According to Khurram Mukhtar, Chairman of the Khurrianwala Industrial Estate Association in district Faisalabad, the electricity supplies to at least 190 large-scale spinning, weaving and processing factories in Lahore, Faisalabad, Sheikhupura and Multan have so far been cut off.
“The ministry of water and power has cut off electricity supplies to the factories with self-generation, exempting from blackout those without alternate generation arrangements. But the problem is that we cannot operate our captive power plants because we do not have gas for that.
This has resulted in complete halt to production capacity at the factories whose electricity connections have been cut off,” Khurram told Dawn from Faisalabad.
Ijaz said the suspension of electricity to the textile industry in Punjab would send a very bad signal to foreign buyers as they start placing orders for 2013 from next month.
“We already have a negative image in the world and buyers are reluctant to come to Pakistan due to security concerns, energy shortages and other reasons. The current decision of the government is going to cost us our orders and result in decrease in exports,” he warned. Pakistan Textile Forum Chairman Asghar Ali from Faisalabad warned of massive industrial closure in case the government failed to address the issue of gas and electricity supplies by Friday.
“The continuation of gas and electricity load-shedding will compel us to stop paying taxes and bills,” he warned.
He said the textile industry in Faisalabad would be forced to come out onto streets from the morning of Dec 29. He said the widespread closure of industrial units would bring jobless workers on to the streets if the situation wasn’t remedied.

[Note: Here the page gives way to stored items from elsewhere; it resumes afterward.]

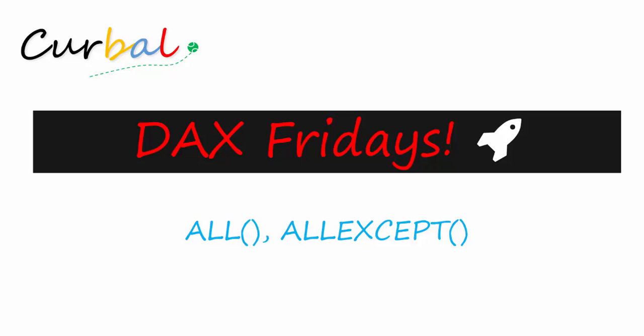Hello and good evening! This is Ruth Pozuella from Curval.com and today is time again for DAX Fridays. We are going to go through two functions, the ALL function and the ALL EXCEPT function.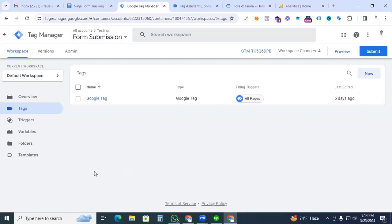Hi digital marketers, this is Vaisal Amin, welcome back to my channel. In this video I will show you how to track ninja form submissions successfully with Google Analytics 4 and Google Tag Manager. I have already installed Google Tag Manager, and inside Google Tag Manager I have a Google Tag which activates my Google Analytics 4 tracking code.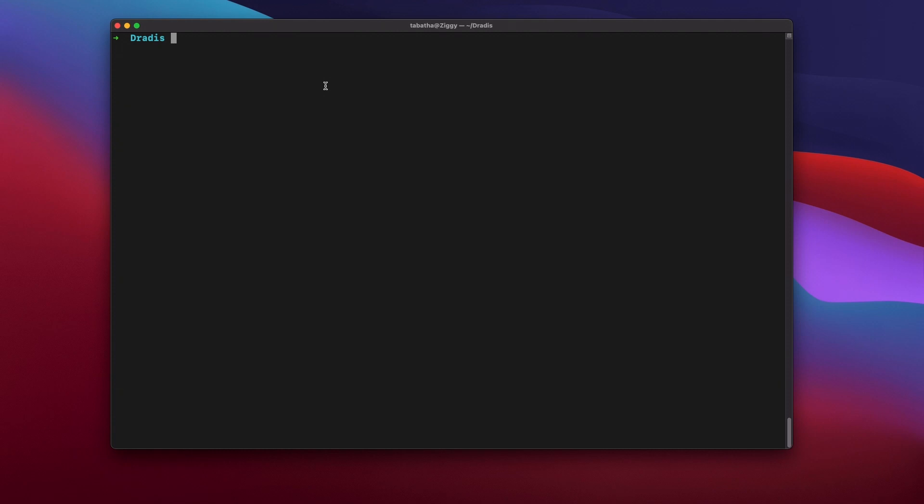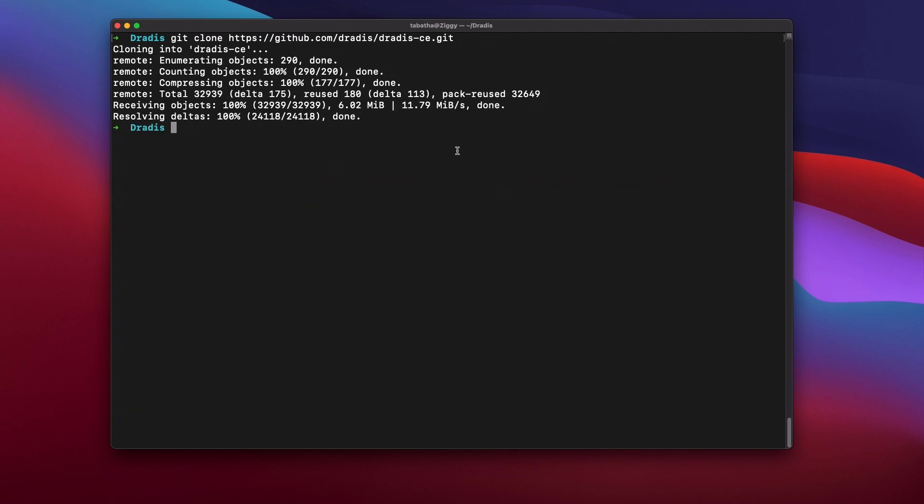First thing, we need to clone the DRADIS Community Edition repo. Now that we've got DRADIS CE locally, we're going to move into the directory where it's located and run the setup command.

He said the energy crisis would impact upon 450 units and more than 2.5 million workers in Faisalabad alone. He said around 80 per cent of the textile industry was located in Punjab and employed 15 million people. “We fear a 25 per cent cut in our export targets due to the present energy crisis,” he added.
An Aptma spokesman said the textile industry in Punjab had incurred production loss of $125 million since disconnection of electricity and gas supplies over the last five days.
“The industry is losing $25 million a day due to capacity closure. It is unprecedented in the history of the textile industry that mills have totally been deprived of energy supplies altogether.
Energy constitutes 35 per cent of the conversion costs in spinning, weaving and processing mills. But no energy is available for either self-generation or through the system on independent feeders,” he said in a statement.